Well, the alcohol made me violently ill, and I spent the evening throwing up and still crying. All the while still feeling all the sadness inside. The disappointment I have, of things I've done, who I am, and of course all the things I can't do or be.

The alcohol of course hurt my liver even more, bringing the percentage of how it was functioning down to 8%. I've been sick ever since. Days going through physical withdrawal from certain pills I took that day. Then I had the flu. Then I never got rid of that "not well", feeling and soon developed a cold and now bronchitis.

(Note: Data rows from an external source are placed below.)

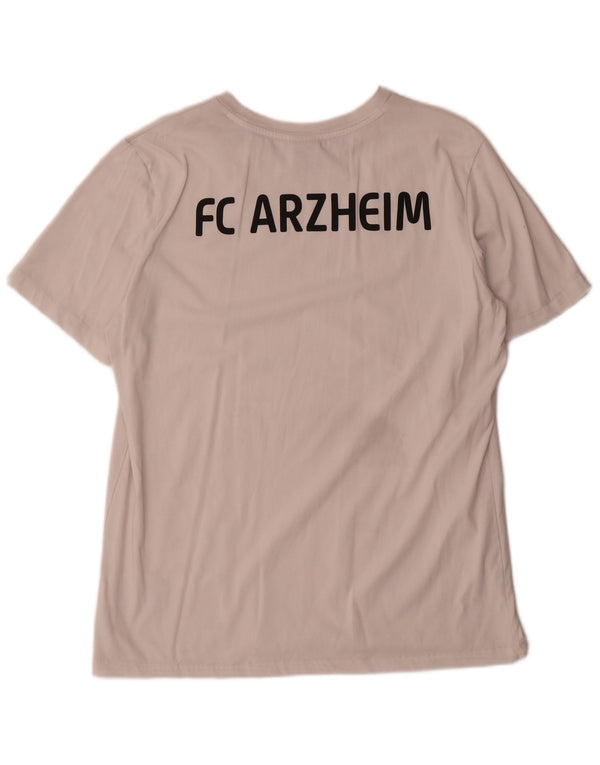 Tricou grafic Nike Dri Fit pentru bărbați Top mare din bumbac alb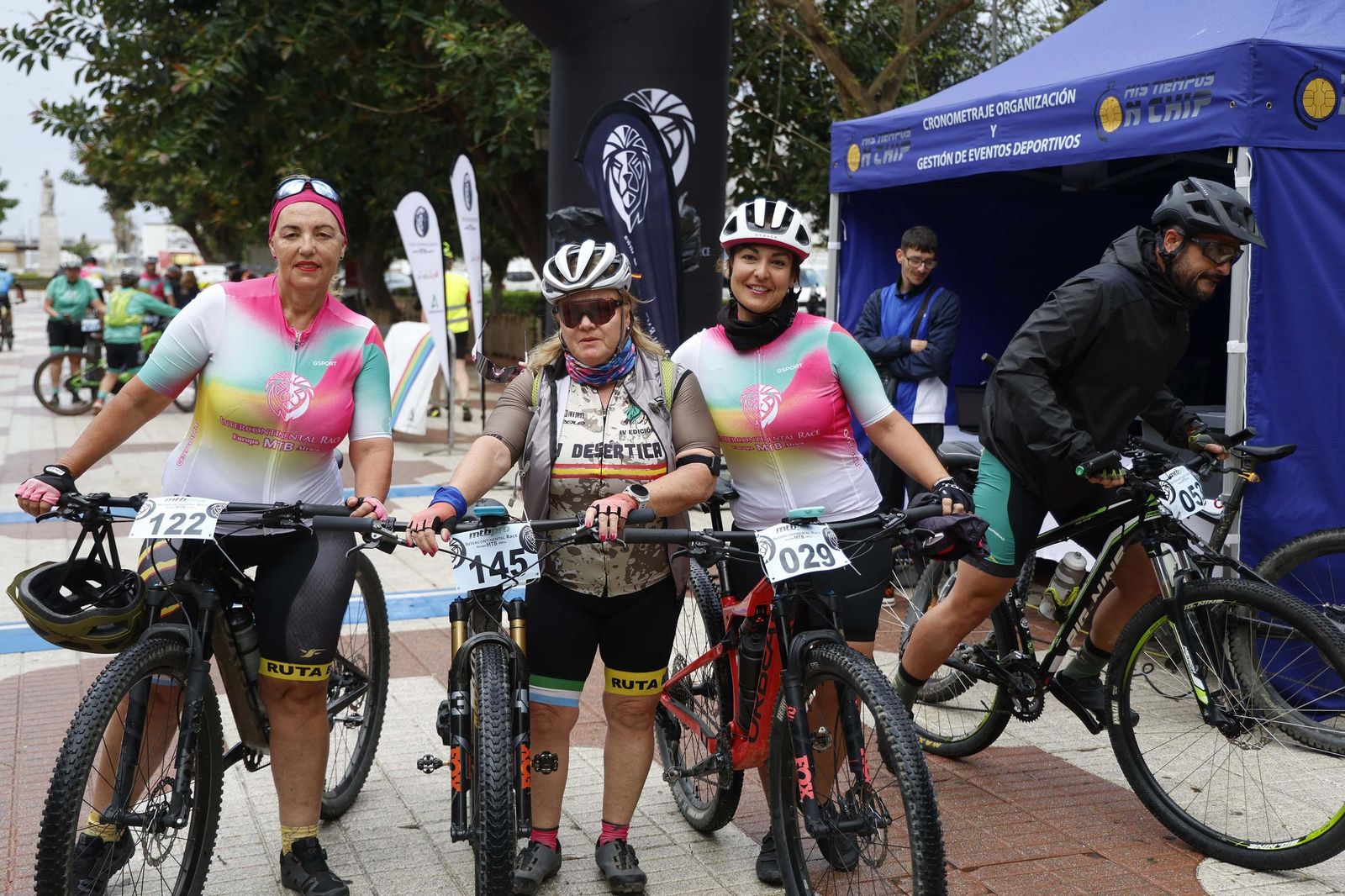 Las fotos de la última jornada de la Intercontinental Race MTB, en Tarifa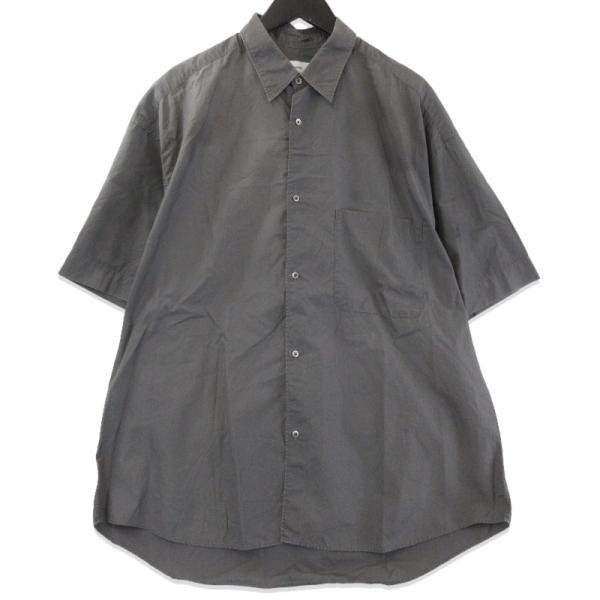 Graphpaper グラフペーパー Broad Oversized S/S Regular Collar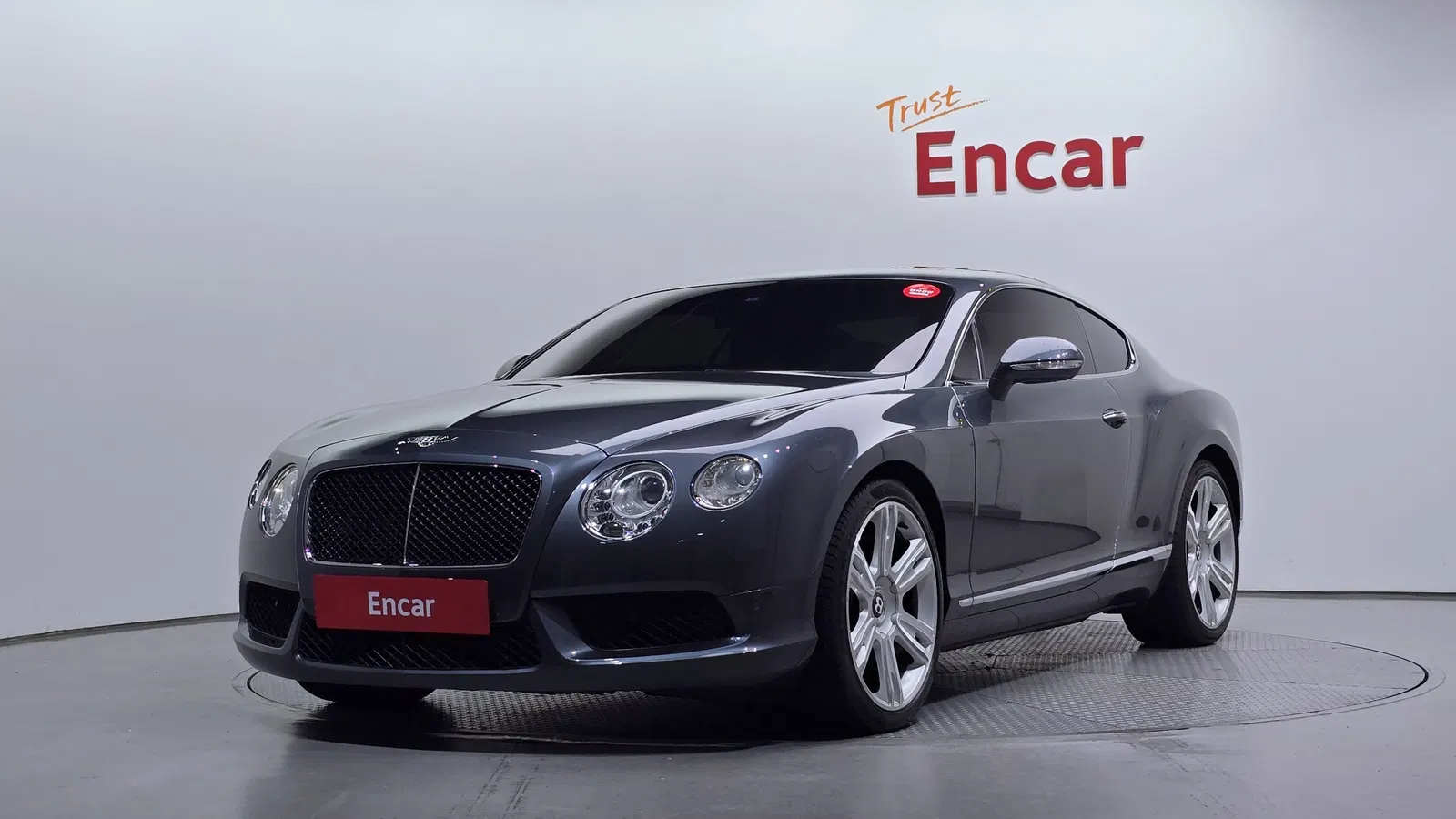 Bentley Continental GT 2e génération 4.0 GT 2015 — photo 1 sur 26
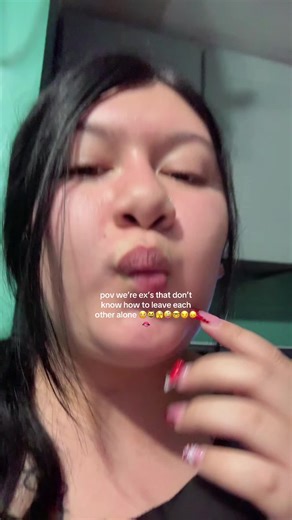 POV: Exes Struggling to Separate in a Playful Scenario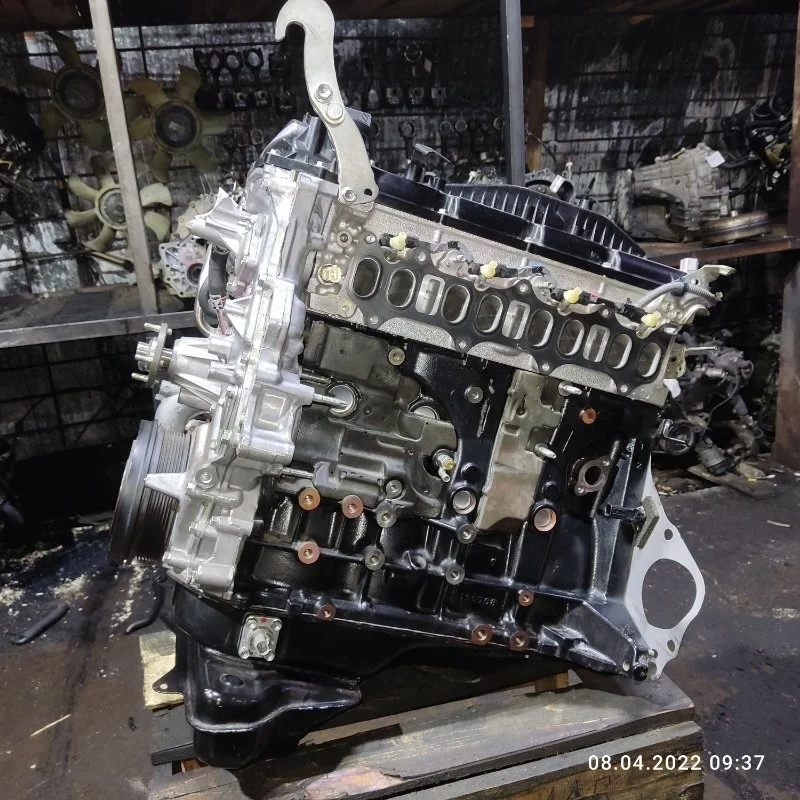 Двигатель Toyota Hilux An120 2015-2020 190000E010 GUN126 GUN 126 1GDFTV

All the depression along with being sick, I again feel myself sliding more towards not wanting to live. I'm such a damn burden, and I contribute nothing that is worthwhile to anyone or anything. I feel so empty and lonely. Every day I wake up and dread even getting out of bed. There just doesn't seem to be any point anymore.

In the past few years, life feels like nothing but a sick joke. I'm tired of it all. A tormenting cycle of mistakes, severe depression, and unsuccessful suicide attempts. I often catch myself wondering, "why the hell can't I just die??"